**Task brief:**
Line by line, return the listing exactly, without any of the images.

**Exercise data:**
****************

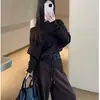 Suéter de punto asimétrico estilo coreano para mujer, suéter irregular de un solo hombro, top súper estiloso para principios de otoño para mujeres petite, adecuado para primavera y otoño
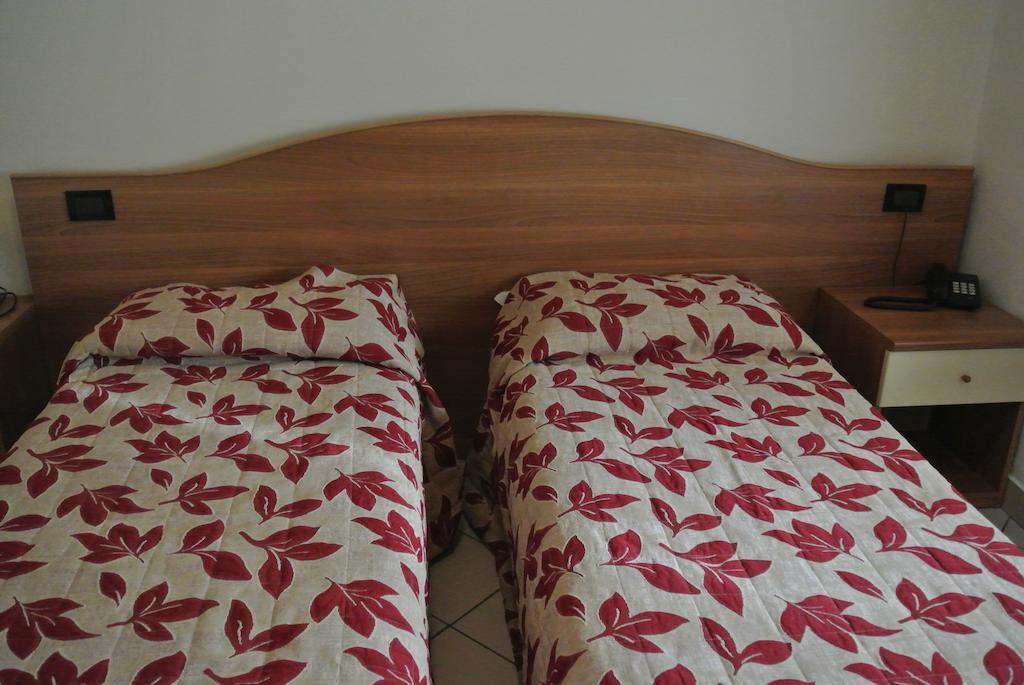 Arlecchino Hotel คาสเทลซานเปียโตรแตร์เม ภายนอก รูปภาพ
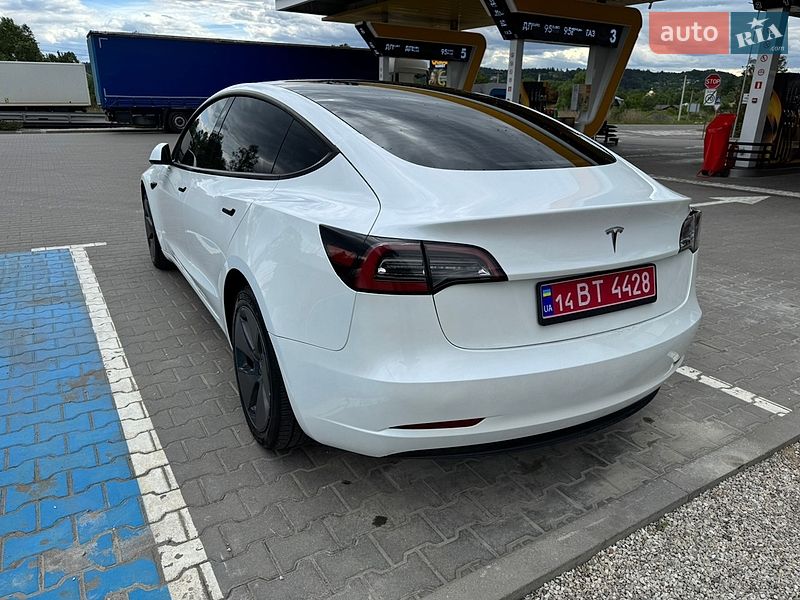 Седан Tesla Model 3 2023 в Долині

****************

**Exercise result:**
 Suéter de punto asimétrico estilo coreano para mujer, suéter irregular de un solo hombro, top súper estiloso para principios de otoño para mujeres petite, adecuado para primavera y otoño
 Arlecchino Hotel คาสเทลซานเปียโตรแตร์เม ภายนอก รูปภาพ
 Седан Tesla Model 3 2023 в Долині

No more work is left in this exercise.